The show has had a profound impact on his career, transforming him into "a trusty name in the comedy world" after some time spent struggling to get substantial roles. In that period, it was peers including Man Like Mobeen's Guz Khan who were instrumental in getting his name out there – even if, back then, casting directors had to "give it a Google" later.
"The biggest thing is that I used to be someone who did guest parts on shows – and it was even quite difficult for me to do that in terms of my acting experience," he says, reflecting on the impact of Ghosts. "Quite a lot of my friends that I came up with had been making shows and wanted to get me involved, and had to really fight for me to get in."
Though he doesn't want to be limited to just one genre, Smith-Bynoe is definitely well-established in an exciting cohort of rising British comedy stars, which includes the likes of Stath Lets Flats collaborator Jamie Demetriou, Ellie White and Liam Williams. As is the case across many professions, networking was a key component of success.
"I remember watching the Stath [Comedy] Blap in 2013 and thinking it was one of the best things I've ever seen," he says. "And then, at a party... just going straight up to Jamie and telling him how great I thought it was. I don't know if I would have done that a few years before because I didn't have the courage to just say, 'I saw a thing that you did, and I thought it was great'.

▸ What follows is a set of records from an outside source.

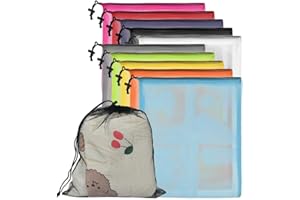 FINZOO Mesh Storage Bags, Nylon Mesh Laundry Bags with Drawstring, Colorful for Sport, Swimming, Beach, Travel, Gym, Camping, 39.5 x 34cm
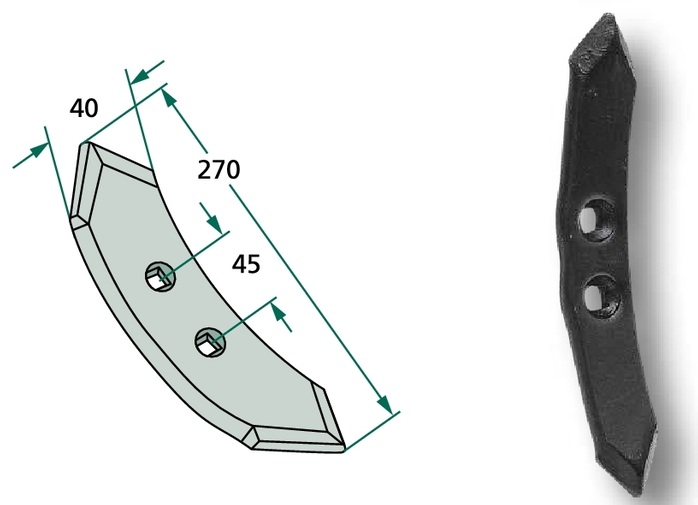 Brazdar 270 x 40 x 16 mm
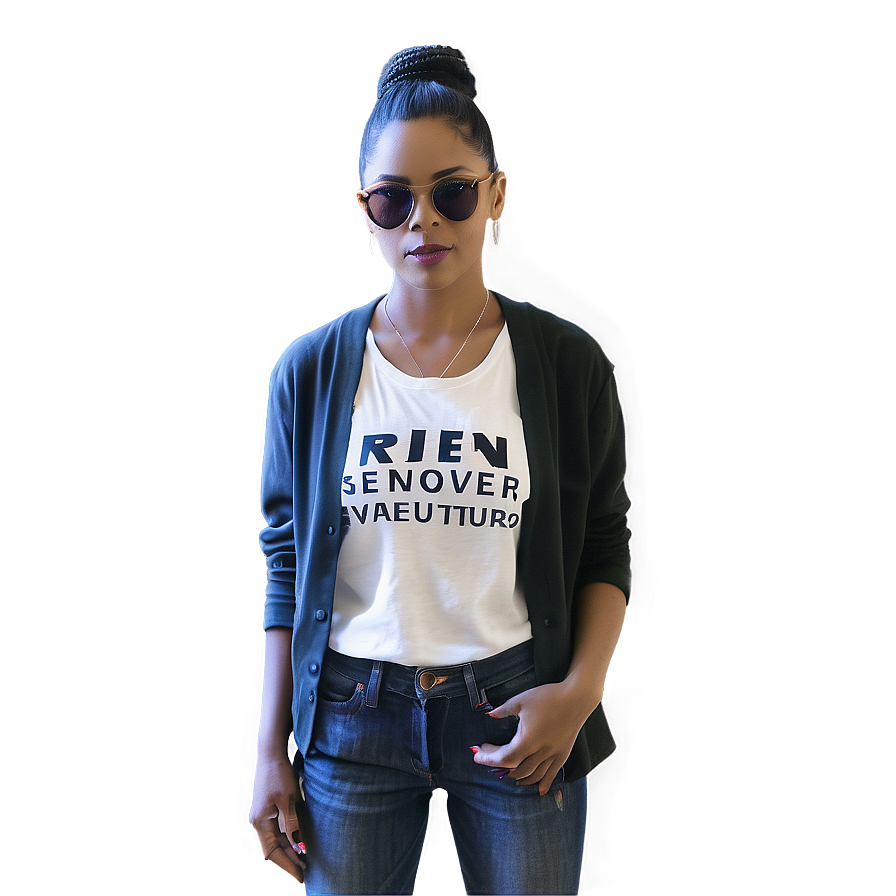 Stylish Womanin Sunglassesand Casual Wear PNG image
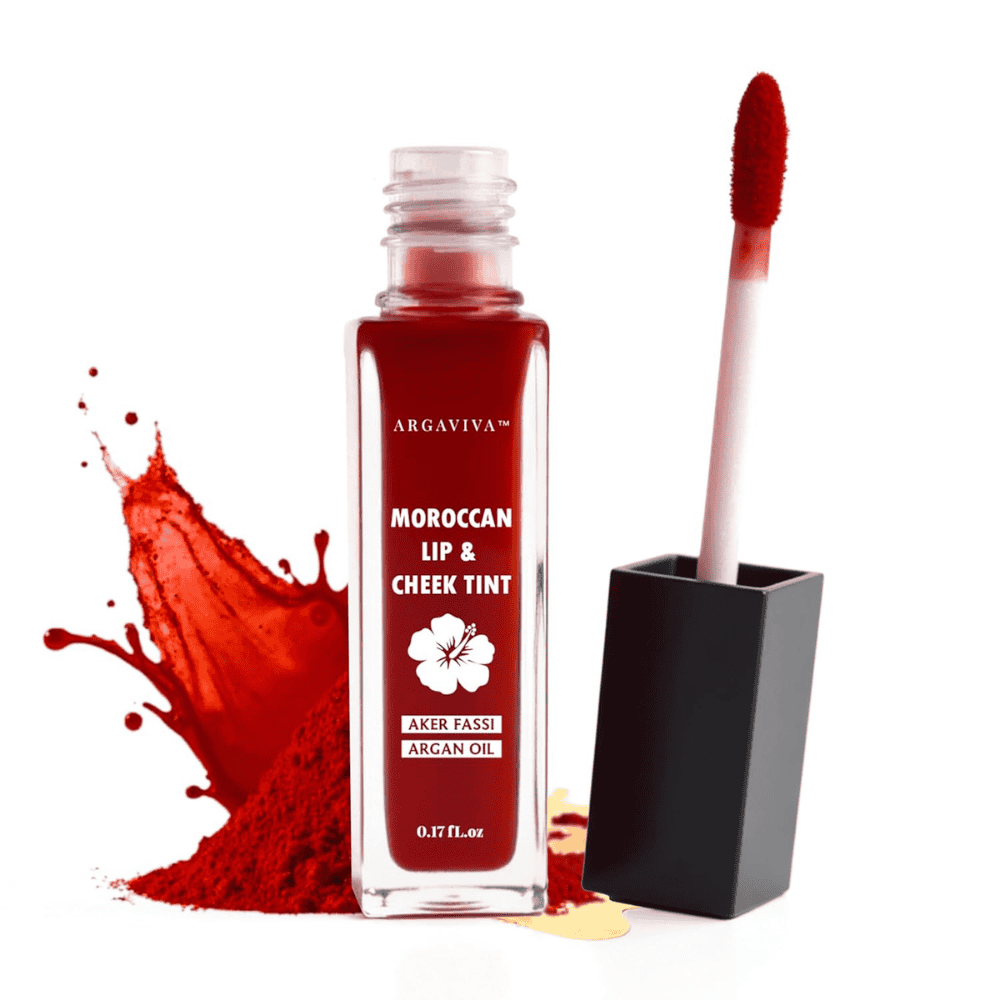 Aker Fassi Lip Stain & Cheek Tint with Argan Oil, Long Wear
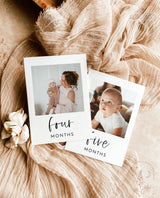First Birthday Photo Banner | Minimalist Monthly Milestone Photo Cards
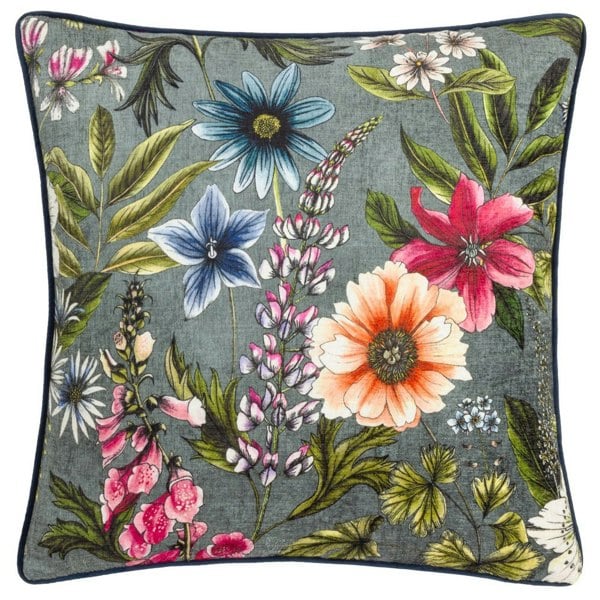 Wylder Hidcote Manor Alma Floral Cushion Cover - Petrol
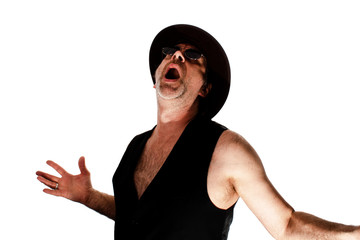 Naklejka premium Rockmusiker, coole Type, Mann mit hut und Sonnenbrille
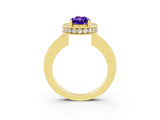 Yellow gold Oval Cut Halo Diamond Engagement Ring with Milgrain Pave Band and Four-Prong Setting_3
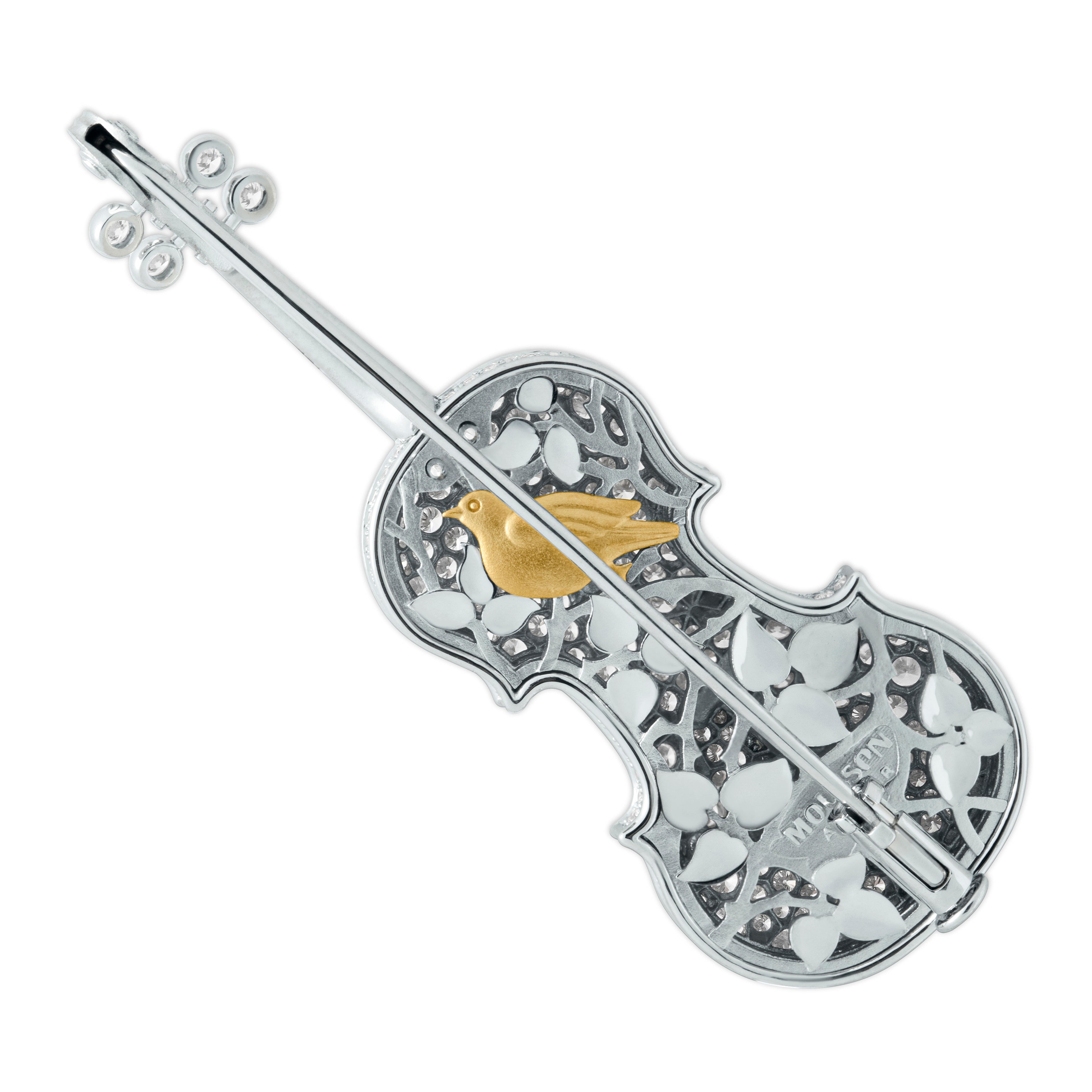 Diamonds 18K White Gold Violin Brooch, Brs 0267-20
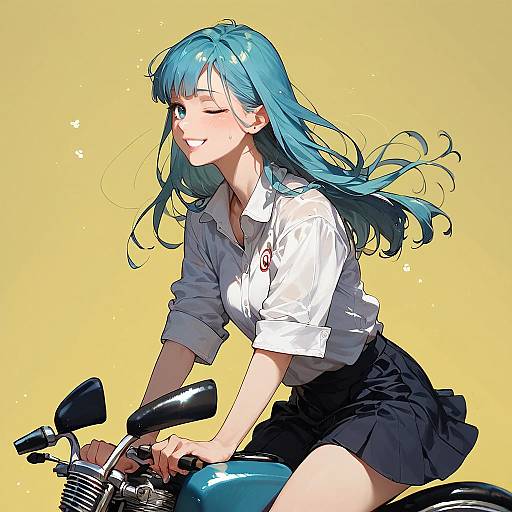 Bulma Riding Sci-Fi Motorcycle, Doll Aesthetic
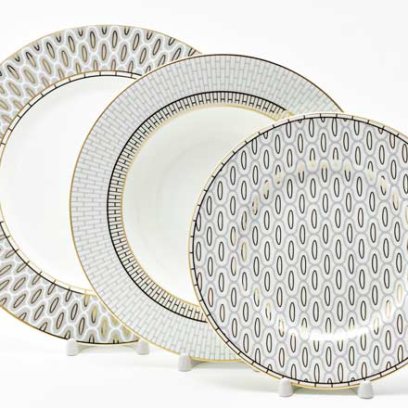 Набор тарелок столовый «Саламандра Грей» 6/18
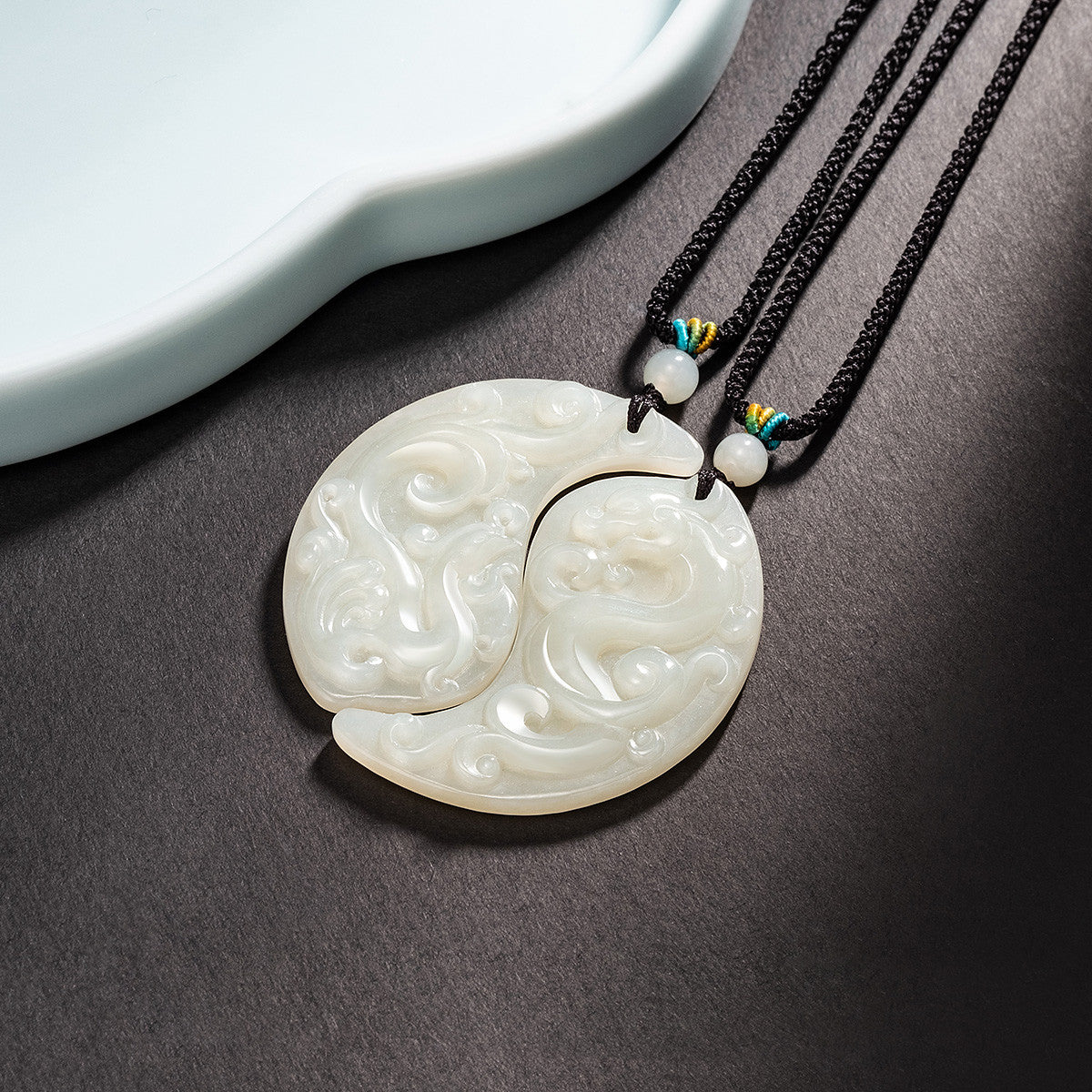 Hetian Jade Dragon & Phoenix Paired Pendants, Couple Jade Charms for Men & Women, With Certificate & Collectible Value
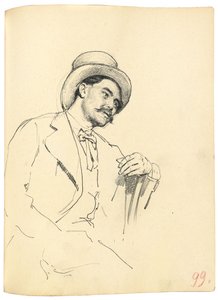 「パリジャンカフェ」のための研究：帽子をかぶった着席男、c。 1872-1875 作： Ilya Efimovich Repin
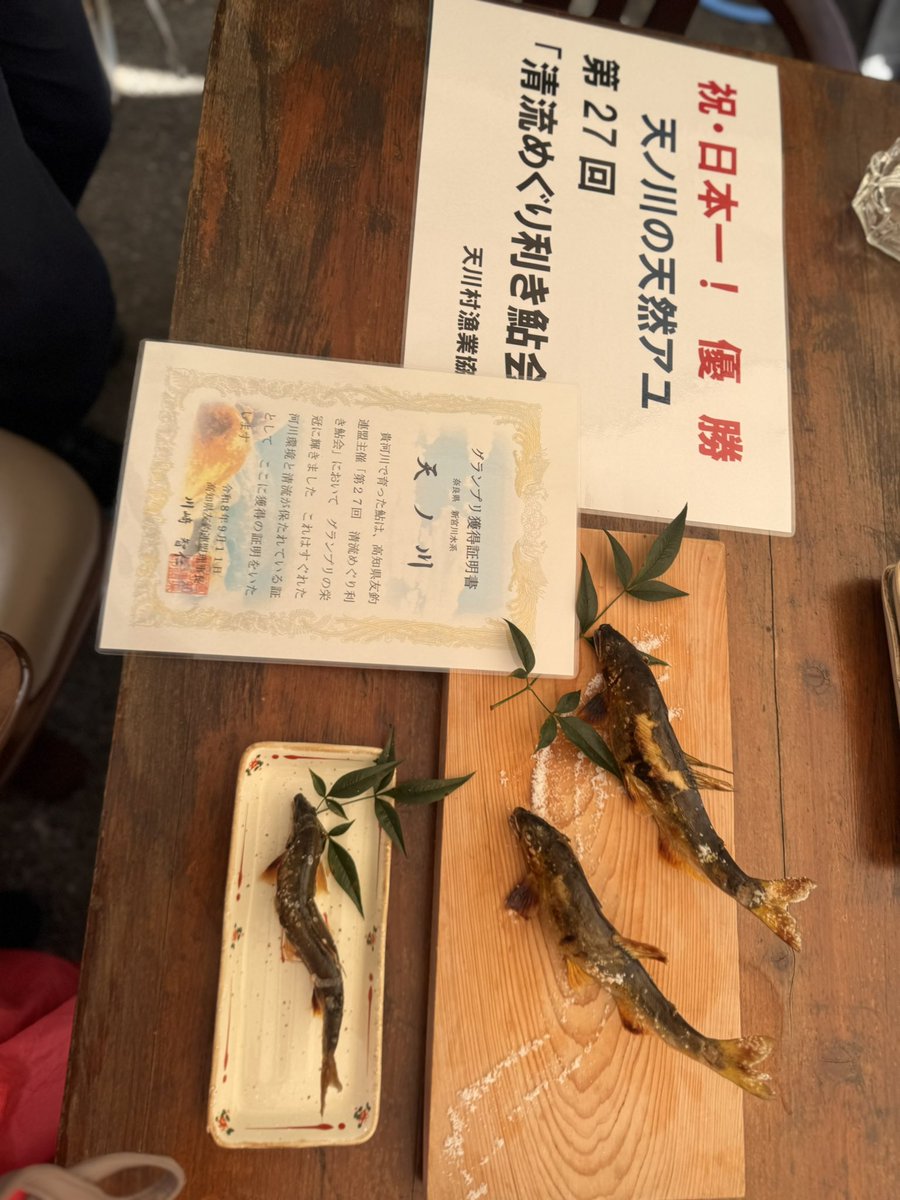 kanachocolat's tweet photo. いつかの、鮎バカ日記。奈良天川村の天然鮎。白い小皿が養殖鮎。 https://t.co/eLmrHOuih7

"I come from a place where people don't always praise what other people do even if you like it, and I think that's something that I had to learn rather than it being a natural part of my character... I did that and I think it was well worth it, because it put me on the radar of someone who was going to go forward and create what I think is one of the funniest shows of the last 20 years."
These days, Smith-Bynoe admits there's some security in knowing that his lively group is always busy at work on projects that he could very well be involved in. But he's actively developing his own starring vehicle too, with Channel 4 commissioning wacky sketch comedy Red Flag as a Comedy Blap.
Available now on All 4 and YouTube (below), the 15-minute pilot is an unpredictable and frequently hilarious watch, which many fans would like to see continue in a full series. As of our conversation earlier this week, Smith-Bynoe was still waiting on a verdict from the broadcaster – but he's determined to keep the show going no matter what.
"I wish there was an update," he began. "I've heard nothing. We were actually going to find out today. So I mean, at this rate, you'll probably find out before me. But I really hope so. We've written two more episodes and are waiting to hear back now. I don't know what will definitely happen but there will be something, even if it's not the network that we started out on.
"I really want to get it made. I think [the new scripts] are some of the funniest stuff I've ever written, so hopefully we get an opportunity to showcase them somewhere. Even if I have to make it myself and then screen them on a projector on my neighbour's house – I'll find a way."
Currently, fans can catch Smith-Bynoe jumping through hoops – metaphorically, but also potentially literally – for Greg Davies and Alex Horne on their zany contest Taskmaster. It's one of two game shows he was eager to try out (the first being Celebrity Catchphrase, which he appeared on last year), but he's not interested in being a full-time television personality.
The top priority will always be acting, or "crying on TV" as he describes it.